In [1]:

import pandas as pd
import numpy as np
from sklearn.model_selection import train_test_split
import shap
import matplotlib.pyplot as plt
import joblib
import os
import matplotlib.pyplot as plt
from sklearn.model_selection import train_test_split
import sys
sys.path.append('../src')
from utils.data_loader import load_data

In [2]:
# Load the preprocessed datasets
fraud_data = load_data('../data/processed/fraud_data_processed.csv')
creditcard_data = load_data('../data/processed/creditcard_processed.csv')
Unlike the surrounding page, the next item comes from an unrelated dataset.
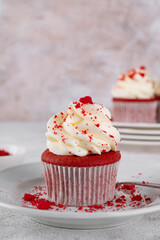 Red velvet cupcakes with cream cheese frosting and red sugar hearts. Delicious dessert for Valentines day. Selective focus, copy space.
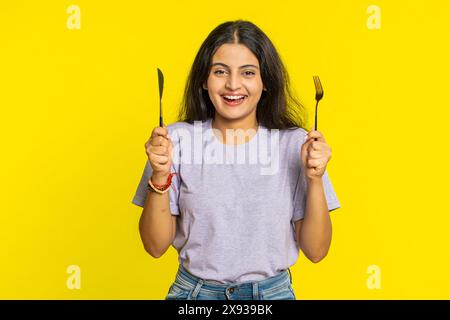 Pronti a mangiare. Una donna indiana affamata che aspetta di servire piatti per la cena con un coltello da forchetta per posate senza irrequietezza apprezzerà il delizioso pasto del ristorante. Ragazza eccitata su sfondo giallo Foto Stock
Data loaded successfully from ../data/processed/fraud_data_processed.csv
Data loaded successfully from ../data/processed/creditcard_processed.csv


In [3]:
fraud_rf_model = joblib.load('../models/fraud_data_rf_model.pkl')
creditcard_rf_model = joblib.load('../models/creditcard_rf_model.pkl')

In [4]:

# Preprocess function from Task 2
def preprocess_data(df, target_col):
    """Preprocess data to ensure all features are numeric"""
    df = df.copy()
    
    for col in df.select_dtypes(include=['datetime64', 'object']).columns:
        if col != target_col:
            if 'time' in col.lower():
                df[col] = pd.to_datetime(df[col])
                df[f'{col}_hour'] = df[col].dt.hour
                df[f'{col}_day'] = df[col].dt.dayofweek
                df[f'{col}_month'] = df[col].dt.month
                df = df.drop(columns=[col])
            else:
                from sklearn.preprocessing import LabelEncoder
                le = LabelEncoder()
                df[col] = le.fit_transform(df[col].astype(str))
    
    return df


In [5]:

# Prepare data function from Task 2
def prepare_data(df, target_col):
    """Prepare features and target, perform train-test split"""
    df = preprocess_data(df, target_col)
    X = df.drop(columns=[target_col])
    y = df[target_col]
    X = X.select_dtypes(include=[np.number])
    return train_test_split(X, y, test_size=0.2, random_state=42, stratify=y)


In [6]:

def generate_shap_plots(model, X_test, dataset_name):
    """Generate SHAP Summary and Force Plots"""
    print(f"Computing SHAP values for {dataset_name}...")
    
    # Use TreeExplainer for Random Forest
    explainer = shap.TreeExplainer(model)
    
    # Compute SHAP values for sampled test set
    shap_values = explainer.shap_values(X_test)
    
    # Save SHAP values to avoid recomputation
    os.makedirs('../shap_values', exist_ok=True)
    joblib.dump(shap_values, f'../shap_values/shap_values_{dataset_name.lower()}.pkl')
    print(f"SHAP values for {dataset_name} saved.")
    
    # Summary Plot (global feature importance)
    print(f"Generating Summary Plot for {dataset_name}...")
    plt.figure()
    shap.summary_plot(shap_values[1], X_test, show=False)
    plt.title(f'SHAP Summary Plot - {dataset_name}')
    plt.tight_layout()
    os.makedirs('../plots', exist_ok=True)
    plt.savefig(f'../plots/shap_summary_{dataset_name.lower()}.png')
    plt.close()
    print(f"Summary Plot for {dataset_name} saved.")
    
    # Force Plot for first instance (local feature importance)
    print(f"Generating Force Plot for {dataset_name}...")
    plt.figure()
    shap.force_plot(explainer.expected_value[1], shap_values[1][0], X_test.iloc[0], matplotlib=True, show=False)
    plt.title(f'SHAP Force Plot - First Instance ({dataset_name})')
    plt.tight_layout()
    plt.savefig(f'../plots/shap_force_{dataset_name.lower()}.png')
    plt.close()
    print(f"Force Plot for {dataset_name} saved.")


In [7]:
# Main analysis function
def analyze_model_explainability():
    print("Starting SHAP analysis...")
    # Prepare data
    X_train_fraud, X_test_fraud, y_train_fraud, y_test_fraud = prepare_data(fraud_data, 'class')
    X_train_creditcard, X_test_creditcard, y_train_creditcard, y_test_creditcard = prepare_data(creditcard_data, 'Class')
    
    # Load saved Random Forest models
    print("Loading models...")
    fraud_model = joblib.load('../models/fraud_data_rf_model.pkl')
    creditcard_model = joblib.load('../models/creditcard_rf_model.pkl')
    print("Models loaded.")
    
    # Generate SHAP plots for both datasets
    generate_shap_plots(fraud_model, X_test_fraud, 'Fraud_Data')
    generate_shap_plots(creditcard_model, X_test_creditcard, 'creditcard')
    print("SHAP analysis complete.")


In [None]:
# Run analysis
analyze_model_explainability()

Starting SHAP analysis...
Loading models...
Models loaded.
Computing SHAP values for Fraud_Data...